Activity
Please output every line of the material as it stands, without the pictures.

Recorded information
***

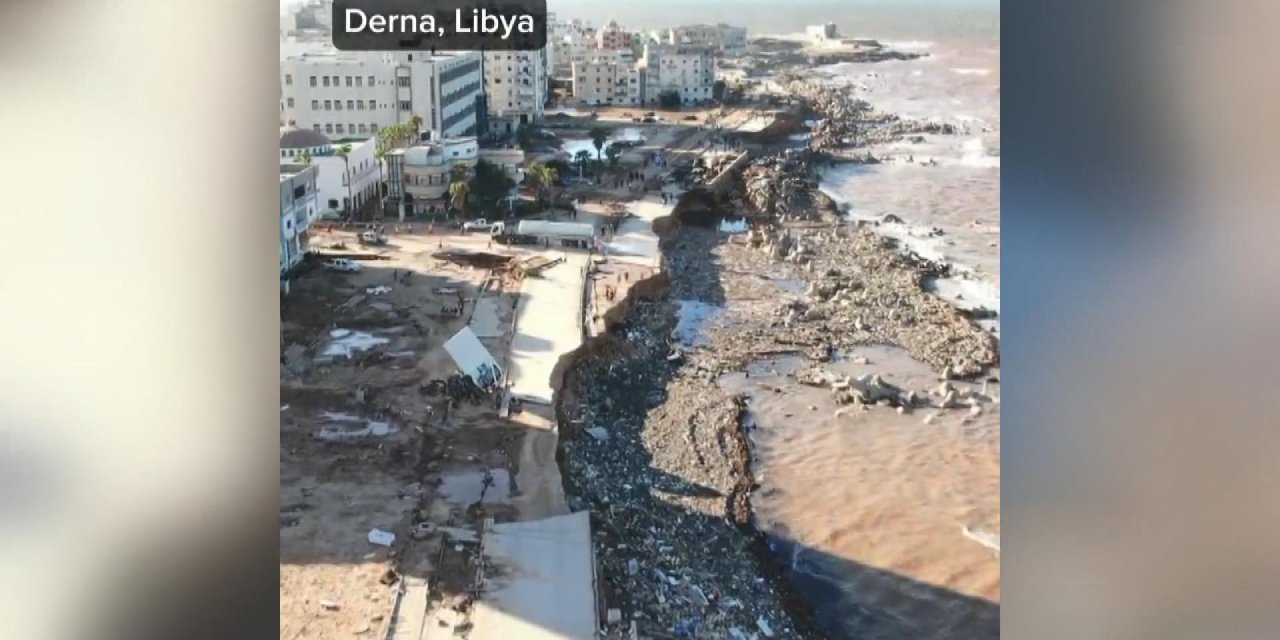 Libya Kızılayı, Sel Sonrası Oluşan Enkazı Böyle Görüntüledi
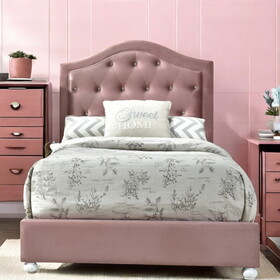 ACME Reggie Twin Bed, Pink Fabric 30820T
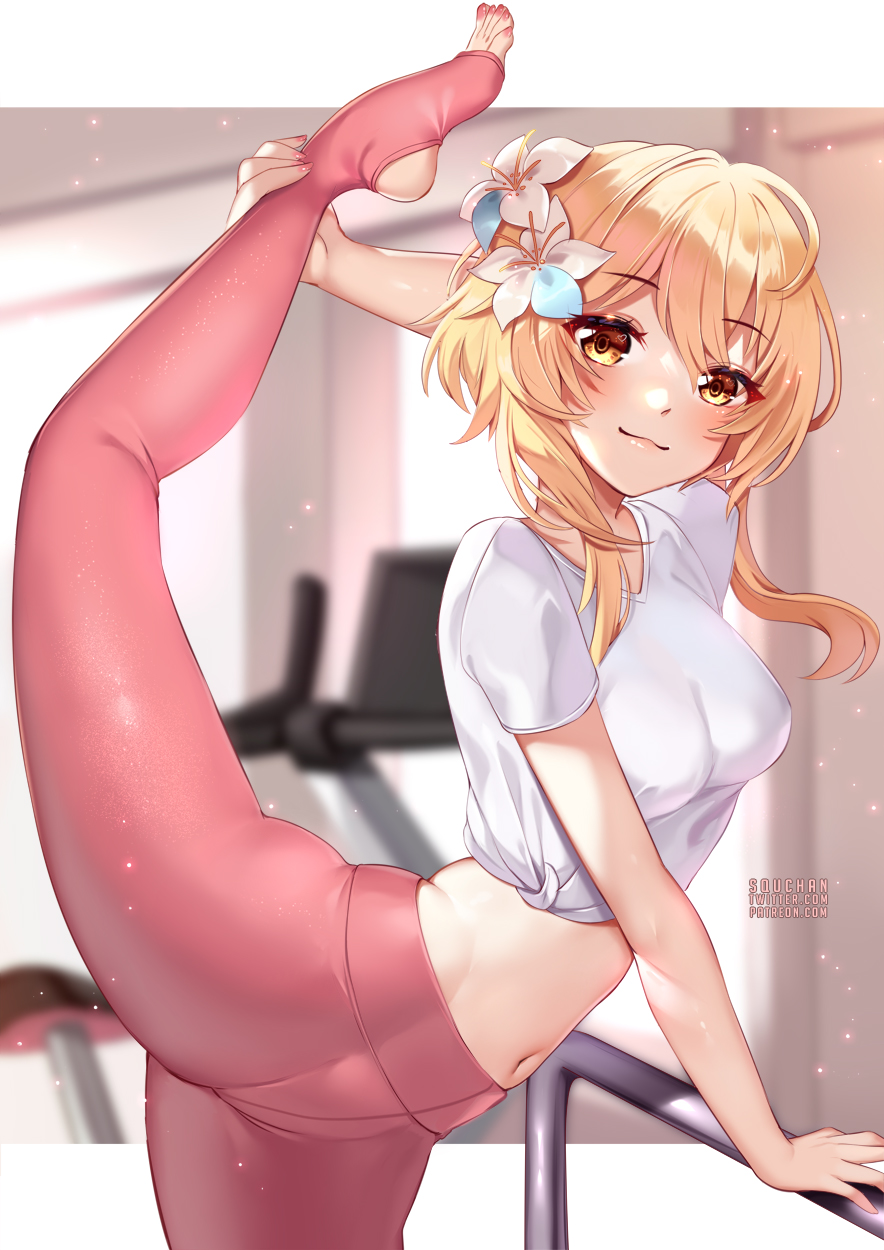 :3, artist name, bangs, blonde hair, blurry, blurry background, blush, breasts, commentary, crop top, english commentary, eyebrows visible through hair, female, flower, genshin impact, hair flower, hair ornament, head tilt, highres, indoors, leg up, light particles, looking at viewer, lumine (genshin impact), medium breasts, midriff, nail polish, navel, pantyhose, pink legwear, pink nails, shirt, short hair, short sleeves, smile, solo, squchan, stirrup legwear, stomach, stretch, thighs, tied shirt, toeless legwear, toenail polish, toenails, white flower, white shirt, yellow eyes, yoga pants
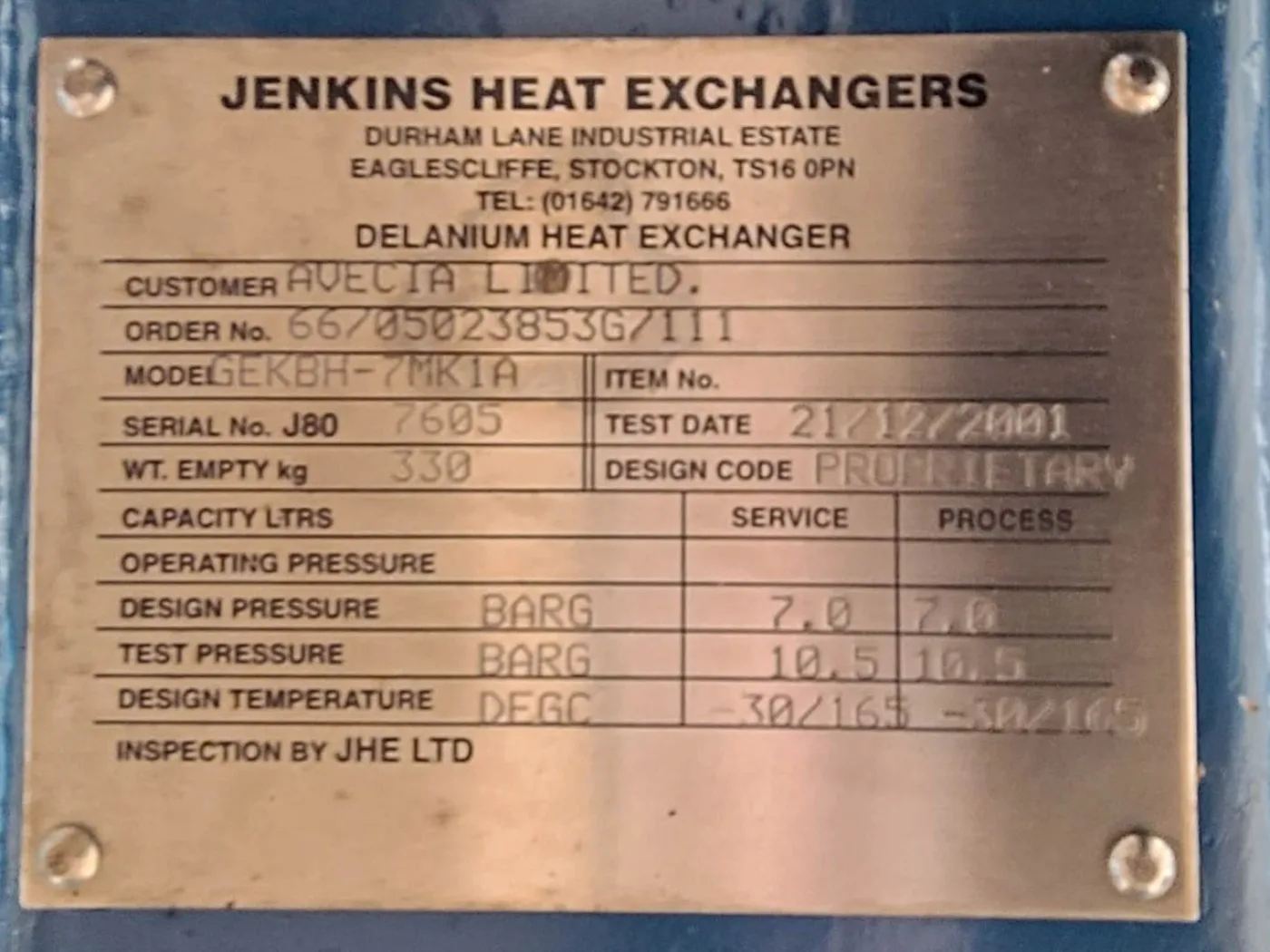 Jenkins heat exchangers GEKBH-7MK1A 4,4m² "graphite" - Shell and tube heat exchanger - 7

***

Worked solution
 Libya Kızılayı, Sel Sonrası Oluşan Enkazı Böyle Görüntüledi
 ACME Reggie Twin Bed, Pink Fabric 30820T
 :3, artist name, bangs, blonde hair, blurry, blurry background, blush, breasts, commentary, crop top, english commentary, eyebrows visible through hair, female, flower, genshin impact, hair flower, hair ornament, head tilt, highres, indoors, leg up, light particles, looking at viewer, lumine (genshin impact), medium breasts, midriff, nail polish, navel, pantyhose, pink legwear, pink nails, shirt, short hair, short sleeves, smile, solo, squchan, stirrup legwear, stomach, stretch, thighs, tied shirt, toeless legwear, toenail polish, toenails, white flower, white shirt, yellow eyes, yoga pants
 Jenkins heat exchangers GEKBH-7MK1A 4,4m² "graphite" - Shell and tube heat exchanger - 7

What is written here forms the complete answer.